The most obvious player people are pointing at is running back C.J. Prosise, but he’s not the only option.
McKissic carried it 46 times for 187 yards and caught 34 passes for 266 yards in 13 games last season. He’s never been used as a regularly-featured back however, putting up a career-high seven rush attempts in a game against his former team, the Atlanta Falcons, last season. McKissic’s role if and when he does return seems to be as both a third-option back and receiver (he had the same number of targets (46) as he did rush attempts), as well as a player to consider using on kick returns. That being said, McKissic one career kickoff return, which came back in 2016.
If Pete Carroll does believe that McKissic could do a better job on returns than Tyler Lockett (23.7 yards per), or at least a comparable job that spells Lockett from those duties, then his addition to the roster does become that much more valuable. Still, both McKissic and Prosise seem to do one thing better than most backs:
Catch the ball. That’s because both are former receivers.
McKissic caught 289 passes at Arkansas State, a conference record in the Sun Belt. Prosise played receiver during his first two seasons at Notre Dame. Taking that into consideration, note that Seattle has had issues over the last three years with staying healthy at running back and it may behoove them to not lose Prosise, a player who seems quite likely to be picked up off waivers should the Seahawks decide to part ways. (My prediction is that the New England Patriots would not let Prosise pass through.) So what else could they do?

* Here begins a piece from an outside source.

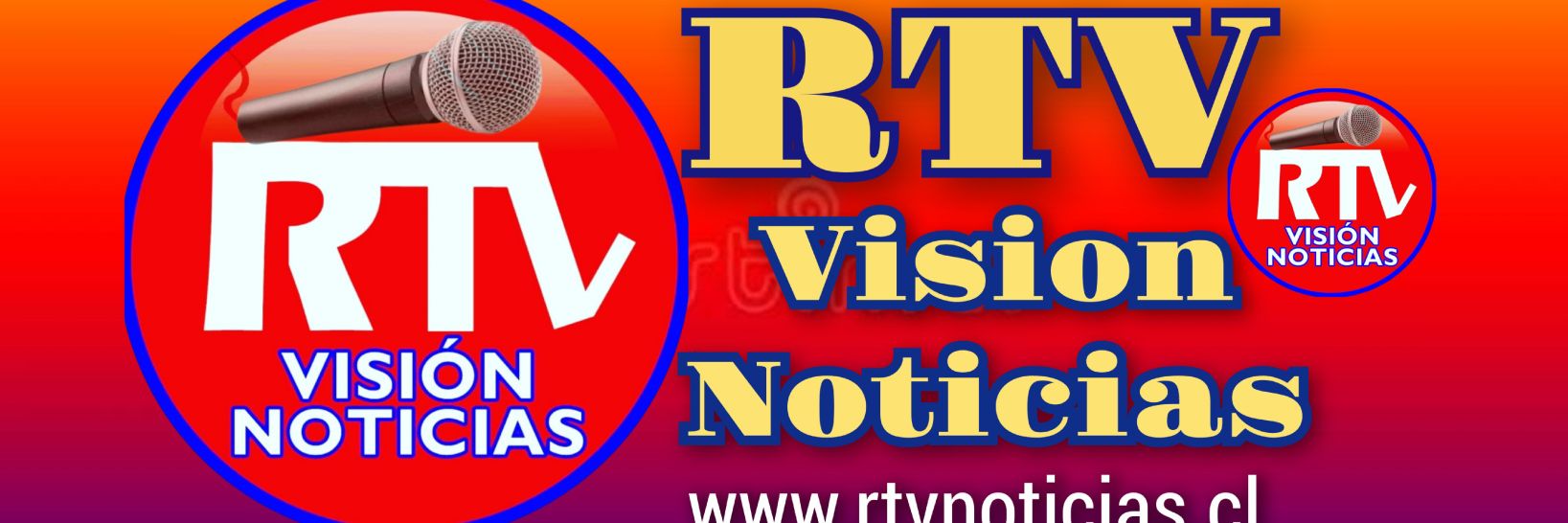 RTV VISION NOTICIAS banner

Well, the team could release Prosise and keep themselves at four backs plus Tre Madden, or they could view both McKissic and Prosise as options at receiver and turn to the newest member of the active roster: Malik Turner.
An undrafted free agent, Turner is currently the number five option at receiver. He’s received zero targets during his two games and has only two snaps on special teams. He was inactive against the LA Rams. If the team opted to stay with four receivers and six backs, they’d basically be able to call McKissic their number five receiver anyway, plus Prosise, while Turner almost certainly reverts back to the practice squad.

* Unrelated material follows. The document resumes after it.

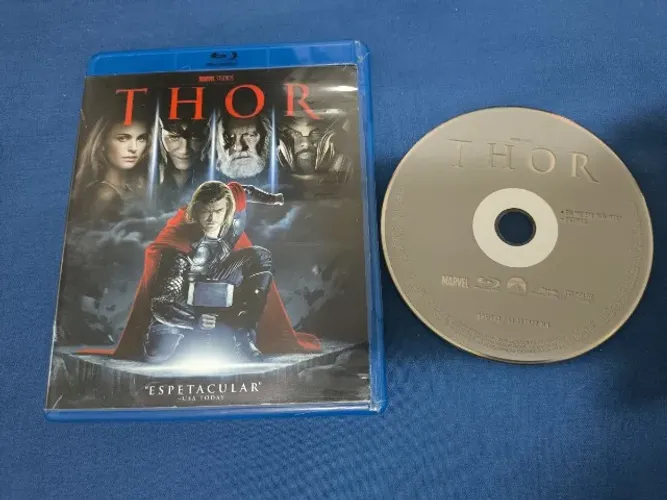 Blu-ray - Thor (2011)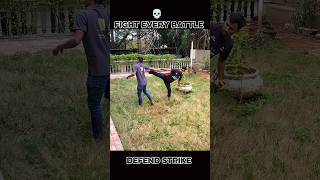 Master the Art ⚜️ Defense and | Counter strike🤜This powerful Training clip #trendingnow #explorepage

I know some fans are anxious to see Prosise go because he’s been a disappointment, but it seems pretty simple when you look at it: Prosise is more valuable than Turner and if the team believes that McKissic and Prosise serve as viable emergency options at receiver, then there’s maybe no good reason to not keep both. That’s only if there are no injuries at running back between now and next month, which is a whole other consideration.